Timeout during connect (likely firewall problem) after changing internet provider

Don't forget the home router. Although NAT is not applicable, most home router devices have a restrictive IPv6 firewall for incoming connections.

3 Likes

Well, as I edited, most home ISPs don't even bother offering ipv6 connectivity where I am.

3 Likes

Luckily, ISPs in The Netherlands do :wink:

5 Likes

(Yeah, I have an actual glass strand in the house that brings me a 2500down 500up mbps link, and no ipv6. Italy.)

4 Likes

You're right. I had the home router IPv6 address in AAAA record. Now changed it to the webserver's IPv6 address. And there are no external ports opened for IPv6 on my home router either. Not sure yet on how to configure that.

The web server is running multiple virtual hosts on different port numbers. For IPv4, in the home router, there are port forwardings for 80 and 443 to the virtual host actual port numbers. Not sure if I can achieve something similar for IPv6.

It is all getting pretty complicated. I'm considering removing the AAAA record completely and only allow IPv4 traffic to the web server.

3 Likes

That's always an option if IPv6 won't work. The average visitor of your site probably has IPv4 connectivity. Not many users are IPv6 only, although I believe it's increasing in Asia.

5 Likes

I come to your house, knock on your door, you answer, I ask for some information, you send me away to another address - which is merely another door to your house (instead of just giving me the answer).
Then I get to that other door, knock and either no one answers or they don't have an answer for me.

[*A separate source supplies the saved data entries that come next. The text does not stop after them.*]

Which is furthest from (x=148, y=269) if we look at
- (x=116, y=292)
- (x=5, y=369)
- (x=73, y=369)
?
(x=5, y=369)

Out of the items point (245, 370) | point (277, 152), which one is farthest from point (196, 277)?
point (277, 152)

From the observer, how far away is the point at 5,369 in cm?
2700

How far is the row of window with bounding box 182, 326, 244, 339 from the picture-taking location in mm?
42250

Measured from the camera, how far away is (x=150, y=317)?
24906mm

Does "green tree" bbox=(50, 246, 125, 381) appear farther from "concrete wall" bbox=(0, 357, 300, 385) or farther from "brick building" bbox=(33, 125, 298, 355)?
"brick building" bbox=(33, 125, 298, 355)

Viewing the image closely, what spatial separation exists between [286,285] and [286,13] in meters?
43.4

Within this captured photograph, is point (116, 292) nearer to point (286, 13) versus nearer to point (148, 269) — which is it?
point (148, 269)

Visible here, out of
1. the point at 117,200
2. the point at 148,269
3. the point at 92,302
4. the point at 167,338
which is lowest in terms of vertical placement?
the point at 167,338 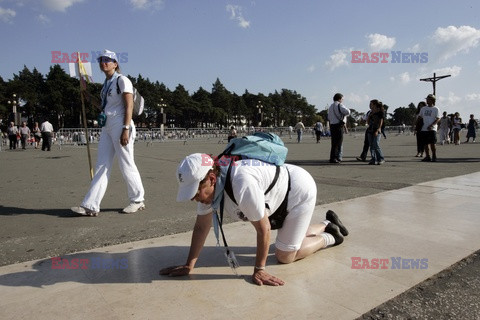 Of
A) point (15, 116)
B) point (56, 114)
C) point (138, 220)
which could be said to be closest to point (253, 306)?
point (138, 220)

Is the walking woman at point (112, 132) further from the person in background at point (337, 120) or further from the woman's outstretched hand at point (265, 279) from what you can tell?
the person in background at point (337, 120)

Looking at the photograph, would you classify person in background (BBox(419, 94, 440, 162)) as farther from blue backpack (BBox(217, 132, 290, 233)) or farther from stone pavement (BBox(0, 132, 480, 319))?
blue backpack (BBox(217, 132, 290, 233))

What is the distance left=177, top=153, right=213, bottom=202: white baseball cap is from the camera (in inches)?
80.3

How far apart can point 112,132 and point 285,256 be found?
9.17 feet

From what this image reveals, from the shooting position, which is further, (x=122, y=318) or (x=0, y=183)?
(x=0, y=183)

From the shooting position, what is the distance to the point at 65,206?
4812 millimetres

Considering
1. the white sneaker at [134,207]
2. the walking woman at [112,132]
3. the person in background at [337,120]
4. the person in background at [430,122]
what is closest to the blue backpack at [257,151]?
the walking woman at [112,132]

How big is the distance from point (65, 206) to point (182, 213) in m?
1.80

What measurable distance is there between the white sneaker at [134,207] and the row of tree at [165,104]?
4167 cm

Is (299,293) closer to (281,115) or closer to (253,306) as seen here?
(253,306)

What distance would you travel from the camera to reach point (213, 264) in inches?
106

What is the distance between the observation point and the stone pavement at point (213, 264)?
80.6 inches

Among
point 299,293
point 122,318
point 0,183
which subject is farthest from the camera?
point 0,183

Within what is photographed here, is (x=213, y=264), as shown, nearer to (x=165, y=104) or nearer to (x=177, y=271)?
(x=177, y=271) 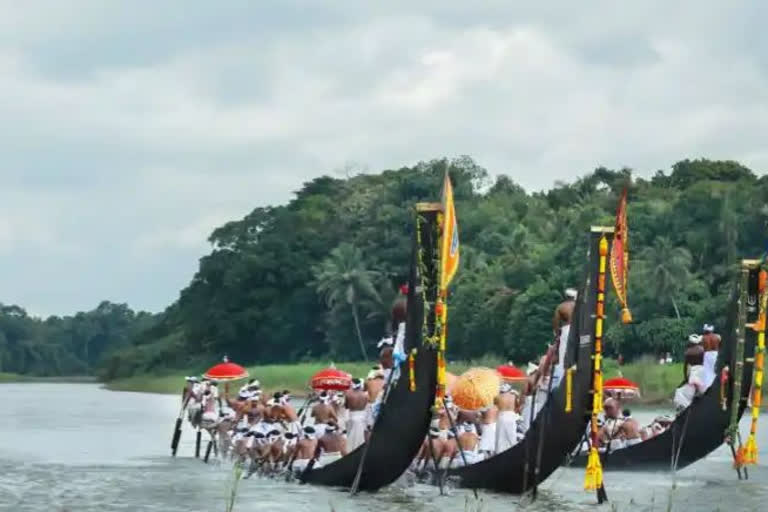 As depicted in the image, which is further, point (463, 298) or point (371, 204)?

Do you see the missed opportunity now?

If HTTP via IPv6 fails, LE will try HTTP via IPv4.
When HTTP via IPv4 redirects to HTTPS, it starts over.
If HTTPS via IPv6 connects, then it better have the answer [but it doesn't = FAIL].

2 Likes

Why should Boulder only retry using IPv4 when the protocol is HTTP? One should think the rules of retrying are the same for HTTP as for HTTPS.

2 Likes

Huh?
We seem to agree that it starts over with IPv6 as preferred.
[maybe my little "s" confused you - changed it to a big "S" - Who doesn't like a big "S" ? LOL]

2 Likes

It should check all of them. Don't forget you can have multiple A records and multiple AAAA records.

2 Likes

But it doesn't.
It is NOT a whichever one completes makes a WIN!
It's IPv6 first.
If that is unable to complete (no decision), then try IPv4.
[if the IPv6 decision was a fail, then everything stops]

2 Likes

I don't know.

It makes 4 connections, I would imagine it makes them to different IPs if it can, and any difference between them is a failure.

2 Likes

You say that the validation fails when the HTTPS connection is tried using IPV6 without retrying using IPv4, while you also state that when HTTP fails over IPv6, it does retry using IPv4. Why retrying over IPV4 with the HTTP protocol, but don't retry using IPV4 with the HTTPS protocol? That's just weird.

2 Likes

What is the difference between unable to complete and fail?

I just set firewall to block all inbound IPv6 traffic and a certbot --dry-run failed with timeout even though IPv4 remained fine. Interesting, if the --dry-run started but was still hung / waiting for timeout and I re-opened IPv6, the --dry-run would complete.

3 Likes

Because HTTP did not fail, it redirected to HTTPS.
Thus, HTTP is now off the table.
And we begin again with HTTPS (IPv6 first).

2 Likes

Nevermind.

2 Likes

Well, the documentation says it's "To keep our CA software simple":

To keep our CA software simple we only perform an IPv6 to IPv4 retry on the first request when validating “http-01” challenges. If you use redirects, the redirects will not get retry treatment.

6 Likes

Ah, I see, that explains it. Thanks.

3 Likes

2 posts were split to a new topic: Timeout during connect problem

This topic was automatically closed 30 days after the last reply. New replies are no longer allowed.